Jednak czasy się zmieniają i choć ten przedłużony wiosenny weekend nadal nazywany jest Wielkanocą, zdaje się, że coraz więcej osób szuka alternatywnych sposobów na jego spędzenie. Wpadła mi właśnie w ręce „wielkanocna” oferta pewnego hotelu SPA, który wychodzi naprzeciw takim oczekiwaniom. Czas ten możemy więc wypełnić przenosząc się z jednego na drugi zabieg SPA, zapewniając tym samym pielęgnację każdego chyba fragmentu naszego ciała. Ale jest również w tej ofercie postna kolacyjka w Wielki Piątek wieczorem, malowanie pisanek w Wielką Sobotę i śniadanie wielkanocne w niedzielę. Można też, jak zapewnia ulotka, miło spędzić czas w pobliskim lesie nad jeziorem korzystając z hotelowych rowerów czy „kijków”.

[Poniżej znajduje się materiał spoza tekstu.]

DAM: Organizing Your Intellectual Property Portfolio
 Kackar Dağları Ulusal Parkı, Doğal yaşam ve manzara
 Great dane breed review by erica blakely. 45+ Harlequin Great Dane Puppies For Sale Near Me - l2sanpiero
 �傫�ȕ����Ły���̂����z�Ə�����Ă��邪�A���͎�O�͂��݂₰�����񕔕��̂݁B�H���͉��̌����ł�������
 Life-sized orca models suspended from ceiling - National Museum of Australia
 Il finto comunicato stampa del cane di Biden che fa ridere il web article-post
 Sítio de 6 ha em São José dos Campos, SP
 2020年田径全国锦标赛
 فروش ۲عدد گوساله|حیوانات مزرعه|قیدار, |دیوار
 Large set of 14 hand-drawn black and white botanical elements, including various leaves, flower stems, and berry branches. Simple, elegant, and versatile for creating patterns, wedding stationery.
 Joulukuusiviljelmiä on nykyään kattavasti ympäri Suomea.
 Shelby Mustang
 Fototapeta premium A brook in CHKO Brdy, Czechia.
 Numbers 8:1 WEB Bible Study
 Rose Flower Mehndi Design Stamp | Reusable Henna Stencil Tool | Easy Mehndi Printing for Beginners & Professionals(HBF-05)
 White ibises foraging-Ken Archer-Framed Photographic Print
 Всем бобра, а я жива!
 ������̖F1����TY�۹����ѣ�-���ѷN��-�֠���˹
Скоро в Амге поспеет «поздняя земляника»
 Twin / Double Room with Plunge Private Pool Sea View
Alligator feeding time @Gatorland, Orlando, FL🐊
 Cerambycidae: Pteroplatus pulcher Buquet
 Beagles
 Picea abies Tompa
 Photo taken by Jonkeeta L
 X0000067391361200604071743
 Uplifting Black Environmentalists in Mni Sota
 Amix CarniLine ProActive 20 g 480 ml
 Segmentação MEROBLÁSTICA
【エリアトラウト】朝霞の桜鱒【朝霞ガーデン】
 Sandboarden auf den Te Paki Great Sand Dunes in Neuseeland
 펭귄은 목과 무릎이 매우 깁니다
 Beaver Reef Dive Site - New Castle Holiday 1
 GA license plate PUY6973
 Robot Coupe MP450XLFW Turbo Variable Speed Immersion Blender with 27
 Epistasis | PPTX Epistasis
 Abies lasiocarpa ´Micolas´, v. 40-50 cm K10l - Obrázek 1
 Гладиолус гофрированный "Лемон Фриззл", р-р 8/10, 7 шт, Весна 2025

O tym, że naprzeciwko hotelu stoi kościół, w którym można by wziąć udział w nabożeństwach przewidzianych na ten szczególny czas – ani słowa. Widać nie do tego typu klientów kierowane jest zaproszenie. W takim razie nieporozumieniem jest używanie w ofercie, odmienianego na różne sposoby, słowa „Wielkanoc” i to całe zawracanie głowy z ozdabianiem pisanek (chyba że to z myślą o dzieciach, żeby się nie nudziły, kiedy rodzice będą na masażach). Czyżby jednak tak trudno było wyzwolić się spod wpływu tej wielowiekowej tradycji i uwolnić się od tych wszystkich „wielkanocnych jaj”? Pewnie póki będą przyciągać klienta, te wielkanocne gadżety ostaną się. Potem będzie można zapraszać po prostu na „Wiosenne SPA”, chyba że zniosą też Wielkanoc i z kolejnego przedłużonego weekendu nici.
PS Żal w tym wszystkim pracowników masujących i „zabiegających” o gości w wielkosobotni wieczór i noc. Chyba że jest to ściśle wyselekcjonowany zespół osób nie obchodzących Wielkanocy.